As I see it from my own philosophical perspective, it’s hypocritical to talk about the importance of universal human rights when you actually only enforce them against their violators when it doesn’t suit your interest to befriend them. Other examples: Communist China, Sisi’s Egypt, Putin’s Russia when he was invading Georgia (but not Ukraine), Pinochet’s Chile, Pakistan.
Human rights today have a worse rap than even their hypocritically inconsistent standards of enforcement. I asked my old professor whether the entire concept of human rights was even useful politically anymore, now that George W Bush has so publicly used them to justify his invasion of Iraq.
The effect of this war on the global cultural consciousness was so enormous that large swaths of Earth’s population no longer trusted Western leaders when they began military actions against some foreign power in the name of human rights. This was one of the main reasons, to my understanding, why the modern regime of human rights exists.
|The United Nations was once considered the|
international beacon of human progress.
After the Second World War with its industrialized death camps, soul-crushing totalitarianism, mass bombings, and the use of nuclear weapons, the United Nations was formed as a means to settle global conflicts. The centrepiece of international law that emerged with the United Nations was the Universal Declaration of Human Rights. I grew up from childhood being taught that this was the moral focus of all international politics.
Reading back through some of the important works of Hannah Arendt, a major influence on my old professor, impressed upon me the strength of that concept of human rights. Human rights theory is also a major branch of contemporary Western philosophy. New books and articles on human rights are published all the time. The scholarship on the implications of different human rights, their metaphysical nature, their scope, and hierarchy, is immense.
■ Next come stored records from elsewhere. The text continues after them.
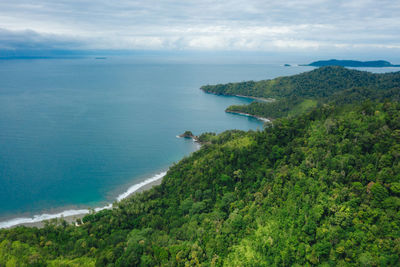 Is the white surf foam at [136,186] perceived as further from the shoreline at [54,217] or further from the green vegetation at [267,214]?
the green vegetation at [267,214]

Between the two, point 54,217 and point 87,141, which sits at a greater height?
point 87,141

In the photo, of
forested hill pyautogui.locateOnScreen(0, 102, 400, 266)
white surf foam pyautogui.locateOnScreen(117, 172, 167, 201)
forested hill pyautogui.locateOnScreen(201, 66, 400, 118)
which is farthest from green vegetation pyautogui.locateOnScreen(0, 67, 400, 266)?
forested hill pyautogui.locateOnScreen(201, 66, 400, 118)

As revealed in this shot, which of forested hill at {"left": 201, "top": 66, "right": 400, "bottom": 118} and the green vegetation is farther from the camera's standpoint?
forested hill at {"left": 201, "top": 66, "right": 400, "bottom": 118}

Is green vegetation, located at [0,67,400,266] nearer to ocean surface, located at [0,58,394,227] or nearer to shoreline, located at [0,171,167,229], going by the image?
shoreline, located at [0,171,167,229]

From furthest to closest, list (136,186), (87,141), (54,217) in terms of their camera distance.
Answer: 1. (87,141)
2. (136,186)
3. (54,217)

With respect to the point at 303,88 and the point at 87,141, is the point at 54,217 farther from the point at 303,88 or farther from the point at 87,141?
the point at 303,88

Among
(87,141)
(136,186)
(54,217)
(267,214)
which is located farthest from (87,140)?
(267,214) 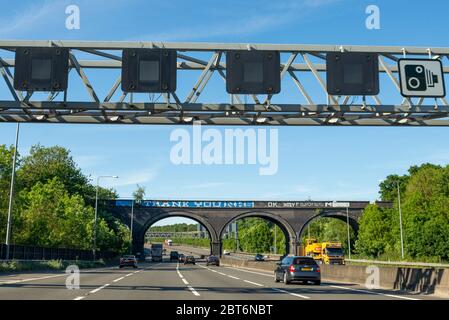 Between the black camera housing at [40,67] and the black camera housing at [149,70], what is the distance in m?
1.97

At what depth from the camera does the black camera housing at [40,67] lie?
17297 mm

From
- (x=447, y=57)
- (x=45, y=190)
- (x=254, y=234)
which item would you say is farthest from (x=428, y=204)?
(x=254, y=234)

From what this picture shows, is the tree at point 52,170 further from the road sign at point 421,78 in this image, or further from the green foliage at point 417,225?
the road sign at point 421,78

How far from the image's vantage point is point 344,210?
95.5 m

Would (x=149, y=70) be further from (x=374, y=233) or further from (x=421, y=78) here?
(x=374, y=233)

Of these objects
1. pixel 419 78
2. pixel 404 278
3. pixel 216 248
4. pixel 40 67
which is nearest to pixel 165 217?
pixel 216 248

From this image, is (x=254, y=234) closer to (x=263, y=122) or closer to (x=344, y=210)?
(x=344, y=210)

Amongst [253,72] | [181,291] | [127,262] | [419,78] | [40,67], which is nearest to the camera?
[40,67]

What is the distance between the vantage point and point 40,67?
1750cm

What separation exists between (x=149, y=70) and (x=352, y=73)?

But that scholarship, to my knowledge at least, isn’t catching up to this latest challenge to the global legitimacy of the concept of human rights at all. Maybe there are some illuminating essays about this latest challenge behind some academic journal paywalls. If there are, I hope some of my readers who still have direct access to the latest top academic philosophy journals will pass me some pdfs.
After the horrors of the Second World War, the leaders of the Earth’s major human powers built the United Nations and the body of international law surrounding the Universal Declaration of Human Rights so that there would be a legitimate order to relations among the world’s governments other than blowing each other up. In a world of nuclear weapons, literally nothing else would survive it.
Yet I’m existentially frustrated with the state of global politics, where human rights have become nothing more than an excuse for the same destructive, chaotic realpolitik that has characterized human conflict all our lives.